Jeezeus! The powers that be, sitting around in offices and courtrooms deciding destinies.
The verdict was quick and three days in a Cuban jail beckoned, as well as paying the cost of the destroyed car. It could have been 10 years. No-one thought jail time would be in the cards.
Stranded, and no help from my pimple-faced representative. He just seemed angry and had little interest in how this unfolded. After signing some papers, he just upped and left.
The jail was 40 minutes from Havana, and an 8-hour drive from the court in Holguin where this all took place.
Of all the prisons that have had my company over the years, this ranks as a four-star. Everything was open-air and the food was excellent, the only downside being the mosquitos, tree rats at night (once caught and cooked they taste good), and the two resident scorpions in my cell.
Most of the other inmates were inside for nothing more than petty crimes like robbing houses of food or clothing.
One man was inside for a ten-year stretch for having slaughtered two cows, a heinous crime in Cuba.
There were a couple of dissidents who had been inside for a while. For me, though, it would take Katie flying in the funds for my release and I would be free.
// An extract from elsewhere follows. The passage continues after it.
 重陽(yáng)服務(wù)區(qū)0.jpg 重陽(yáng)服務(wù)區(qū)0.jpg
Two men of note though from the jail. Juan, a 70-something, who held sway each day emerging from his cell to sit on a rock and tell stories to groups of us of the glorious days of Che.
"One day," he proclaimed, "the current tides will turn, ok? A warmer wind will blow, and the peoples' revolution will claim the world. We are all one family, ok?
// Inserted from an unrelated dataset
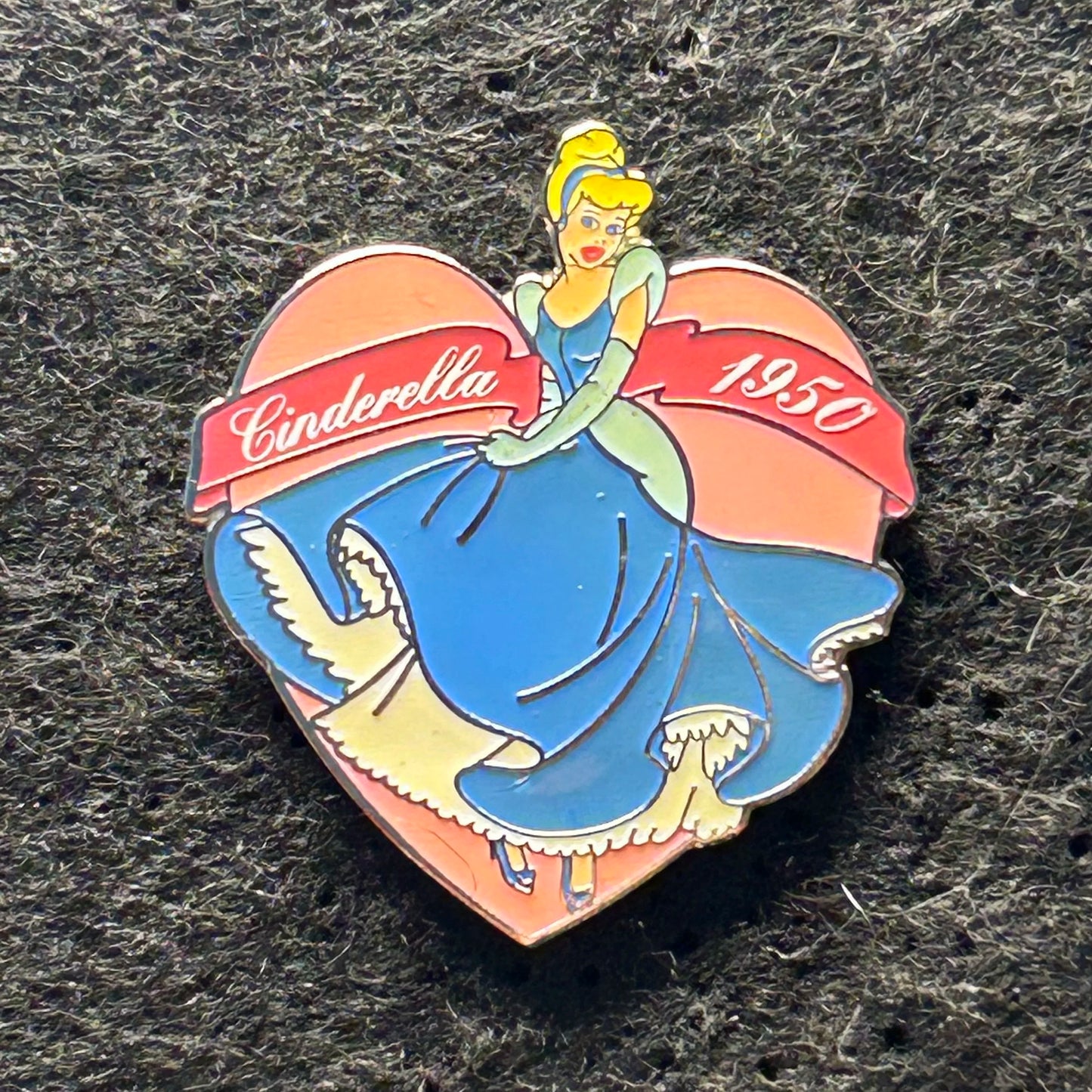 2000 - Cinderella 1950 - Countdown to Millennium - Pink Heart - Disney Pin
“Remember, he said, “you need to know where you are before you can get to where you're going"
He also asked me if I'd ever walked backwards in Cuba. Apparently this, he said, was the cause of my bad luck as only crabs walk backwards.
He assured me that crabs are the oracles of doom.
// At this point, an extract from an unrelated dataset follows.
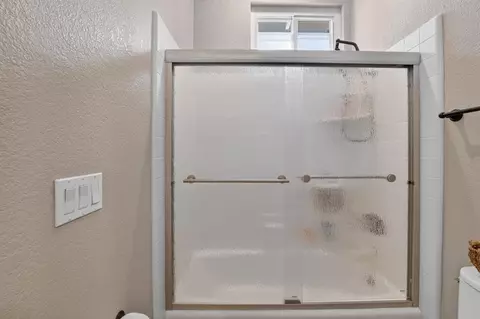 Bath - 3032 Valasstrada Ct, Carmichael, CA 95608 photo 6 of 7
Then there was Luis Marcos, a man, so it was told, with only one testicle; A man who had killed men, sliced off their arms and legs, and eaten the bodies. He stayed in his cell and good luck to anyone who entered that place.
Sitting around, there were questions about my imprisonment, and questions about home. There was much laughter about the car stories, and lots of questioning about why I'd returned to Cuba.
"Honesty?" I winked.
It was sad in a way to leave today, but the three days of captivity have expired. Katie had paid, I later discovered, only $2000 for the wrecked vehicle.
Upon release it has been quite the journey back, and a little must be recounted here for this ending to be plausible.
The car that drove me back got a flat tyre three hours into the trip. After sitting around waiting for it to be fixed and eating fresh mango with a family who stopped their horse and buggy - the peoples’ limousines - to sit with us, the next stop was a small village to get lunch where five lovely chantreuses charmed us with exotic Cuban songs as we ate. Swaying side-to-side as they sang, the enchantment was complete as I ate my black beans and rice and chicken.
I could have stayed and listened all day, but Jenni Tutti, the policeman driving me back, needed us to move on.
Back in Holguin and there's Katie. After hugging me and whispering in my ear that if anything like this happens again, she will let me sit in jail, she sucker-punched me really hard.
When I got up off my arse, she gave me a lovely travel-mug full of rum and coconut juice She knows this engine runs on alcohol.
"Surprise!," announced Katie. "We are here in Cuba until Monday."
By the police station, I sat down again and wept. There I drank my libations to a great journey, journeys to come, and the goddess that is Katie.
Hasta la victoria siempre.
It ran out of the suitcase. Stowaway! A Cuban cockroach the size of a child's foot. Antennae the length of a shoestring.
Straight under the door to the basement, and damn if the beast can now not be located.
It will probably grow to a hideous size with the warmth of a basement.
Perhaps it will be best to keep visitors from going downstairs until it's coaxed out and dealt with.